Fossilien
Die Jäger der längst verlorenen Schätze
Mittwoch, 17. Februar 2010 08:12 - Von Heike WeichlerWo Sammler in Deutschland auf die Jagd nach Fossilien gehen können: Prähistorische Fundstellen gibt es fast überall, wo Gesteinsschichten oder Sedimentablagerungen zutage treten. Anfänger sollten allerdings auf offiziell zugelassenen Flächen suchen. Wir stellen die besten Plätze vor.
Suchen und Sammeln steckt in unseren Genen. Heute muss niemand mehr für seinen Lebensunterhalt Tiere jagen und Beeren finden. Und darum kompensiert so mancher diesen Urtrieb mit einem passenden Hobby. Besonders spannend ist da die Suche nach Fossilien, was einer Schatzjagd gleichkommt.
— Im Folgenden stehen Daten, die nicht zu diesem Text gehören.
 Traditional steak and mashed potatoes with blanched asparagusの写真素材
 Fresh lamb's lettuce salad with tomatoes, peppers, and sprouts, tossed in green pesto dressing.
Schieferbruch Kromer bei Stuttgart, Baden-Württemberg
Baden-Württemberg ist ein Dorado für Fossilienfreunde. Gut 60 Millionen Jahre lag diese Region im Erdmittelalter unter einem tropischen Meer. Besonders interessant sind die Steinbrüche etwa 40 Kilometer südöstlich von Stuttgart. Im Schieferbruch Kromer in Ohmden zum Beispiel werden Hobbysammler garantiert etwas finden: 180 Millionen Jahre alte Ammoniten, tintenfischähnliche Belemniten, Muscheln und Gagat - versteinerte Holzkohle, die zu Schmuckstein poliert werden kann.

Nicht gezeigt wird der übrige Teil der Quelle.